* [Task goal]: Within the entries below, output exactly the lines between the line containing "Bangkok Mahanakhon Skywalk" and the line containing "Polycom 1725-32504-001 User", inclusive, and omit any picture.

* [Data shown]:
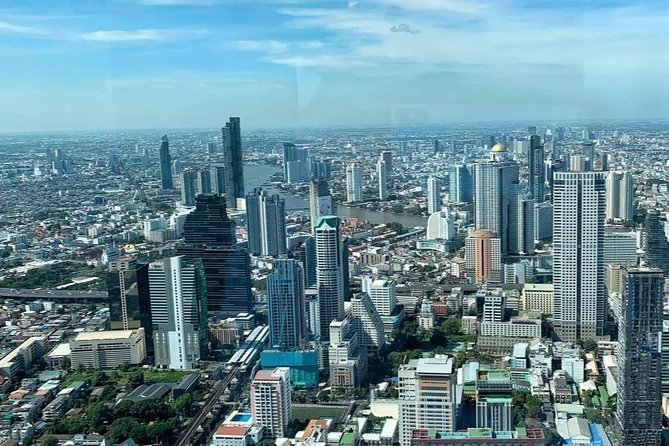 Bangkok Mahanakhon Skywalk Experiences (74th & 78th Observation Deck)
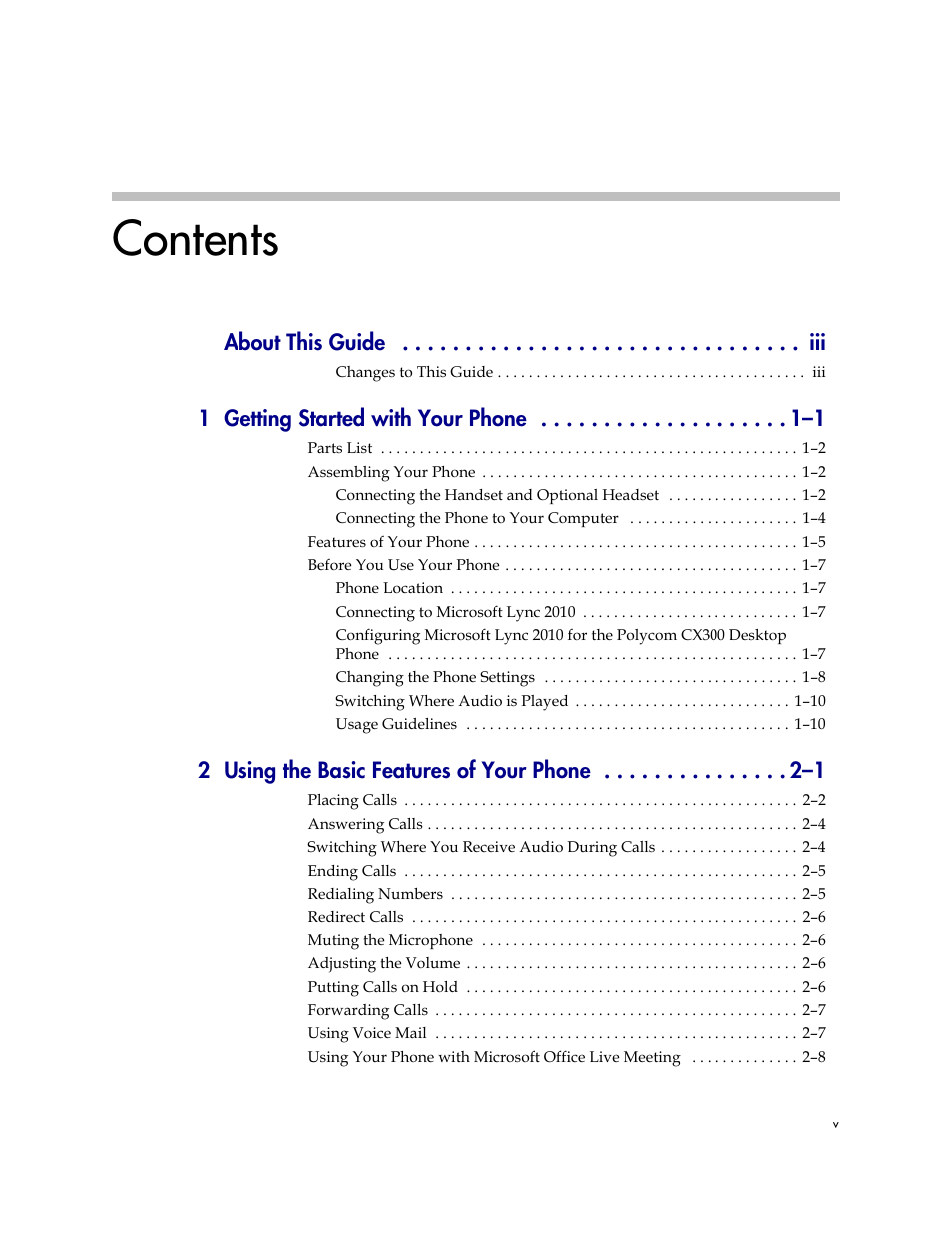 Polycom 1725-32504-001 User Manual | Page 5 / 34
---
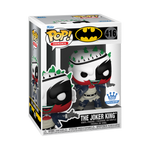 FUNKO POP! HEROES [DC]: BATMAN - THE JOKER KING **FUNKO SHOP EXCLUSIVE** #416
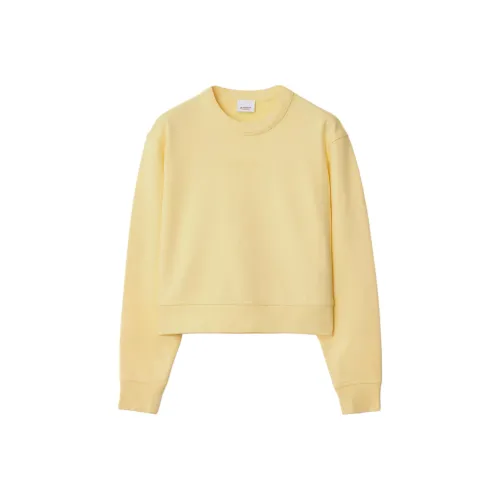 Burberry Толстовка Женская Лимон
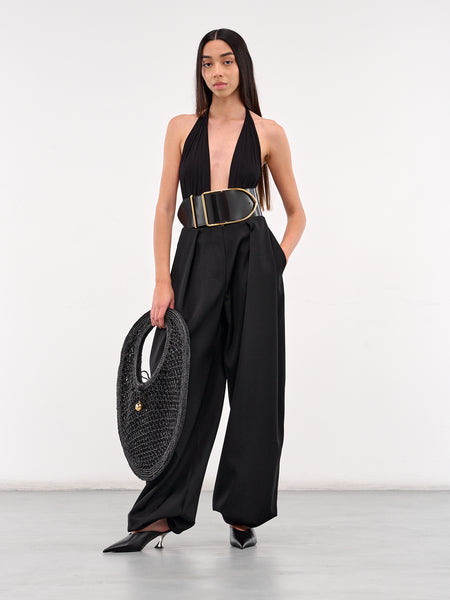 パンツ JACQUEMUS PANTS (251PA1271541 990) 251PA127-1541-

* [Answer for this exercise]:
 Bangkok Mahanakhon Skywalk Experiences (74th & 78th Observation Deck)
 Polycom 1725-32504-001 User Manual | Page 5 / 34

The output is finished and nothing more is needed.